Dafür müssten wir leben, wie es unserer Natur entspräche. Das heißt: Wir ernähren uns mit dem, was unsere Zellen brauchen. Wir bewegen uns an der frischen Luft, argumentiert Hüther. Die Nervenzellen in unserem Gehirn würden so auch mal Zeit für Pausen bekommen. Schlafmangel und Hektik entsprächen dagegen nicht unserer Natur. „Und zu viel Durcheinander im Hirn auch nicht“, erklärt er.

Konkret heißt das, in sich reinzuhören und zu überlegen, was einem in dem Moment wirklich guttun könnte. Etwa nicht am Schreibtisch vor dem Laptop Mittag essen, sondern draußen in der Sonne – und wenn es geht, mit Kollegen. „So kann man schrittweise weitermachen“, rät Hüther.

Äußere Umstände spielen aus seiner Sicht dabei nur bedingt eine Rolle. „Wir tun uns nichts Gutes, indem wir uns ständig darüber ärgern, was nicht geht“, sagt der Hirnforscher. Sogar ein Häftling sei trotz der offensichtlichen Begrenzungen in seinem Leben noch in der Lage, liebevoll mit sich umzugehen, solange er sich selbst noch spüre. Ähnlich verhalte es sich mit der Corona-Pandemie. Jeder könne sich überlegen, ob er sich die hundertste Talkshow über das Virus anschauen müsse – oder ob der Fernseher ausbleibe.

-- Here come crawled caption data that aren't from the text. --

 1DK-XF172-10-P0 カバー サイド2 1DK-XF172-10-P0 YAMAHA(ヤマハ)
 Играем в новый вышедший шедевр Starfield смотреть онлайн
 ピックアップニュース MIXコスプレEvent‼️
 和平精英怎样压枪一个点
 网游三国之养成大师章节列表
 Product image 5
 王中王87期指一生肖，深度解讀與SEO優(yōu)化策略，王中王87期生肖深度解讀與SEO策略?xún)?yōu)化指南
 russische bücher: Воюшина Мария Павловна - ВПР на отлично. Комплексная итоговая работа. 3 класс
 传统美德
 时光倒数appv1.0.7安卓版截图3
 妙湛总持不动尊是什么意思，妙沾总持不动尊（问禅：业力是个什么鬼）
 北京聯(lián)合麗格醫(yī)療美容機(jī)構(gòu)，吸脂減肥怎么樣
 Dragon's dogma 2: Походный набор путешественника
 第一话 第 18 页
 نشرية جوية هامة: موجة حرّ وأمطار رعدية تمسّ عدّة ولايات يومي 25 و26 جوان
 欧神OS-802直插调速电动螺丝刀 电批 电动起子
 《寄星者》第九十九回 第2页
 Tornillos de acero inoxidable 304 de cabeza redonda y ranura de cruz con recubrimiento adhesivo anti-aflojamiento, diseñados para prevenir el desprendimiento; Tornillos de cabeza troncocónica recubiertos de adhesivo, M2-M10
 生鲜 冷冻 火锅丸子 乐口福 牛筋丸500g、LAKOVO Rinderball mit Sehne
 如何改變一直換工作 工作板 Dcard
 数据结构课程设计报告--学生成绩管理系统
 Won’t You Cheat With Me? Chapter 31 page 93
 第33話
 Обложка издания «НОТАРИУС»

Wer es geschafft hat, zum eigenen Gestalter seines Lebens zu werden, kann sich laut Hüther selbst besser leiden – und somit auch liebevoller zu seinen Mitmenschen sein. „Man ist kein Bedürftiger mehr, der andere benutzen muss, um seinen Geltungsdrang oder sein Bedürfnis nach Anerkennung zu stillen“, sagt der Gehirnforscher. Und das sei eine ganz wundervolle Situation.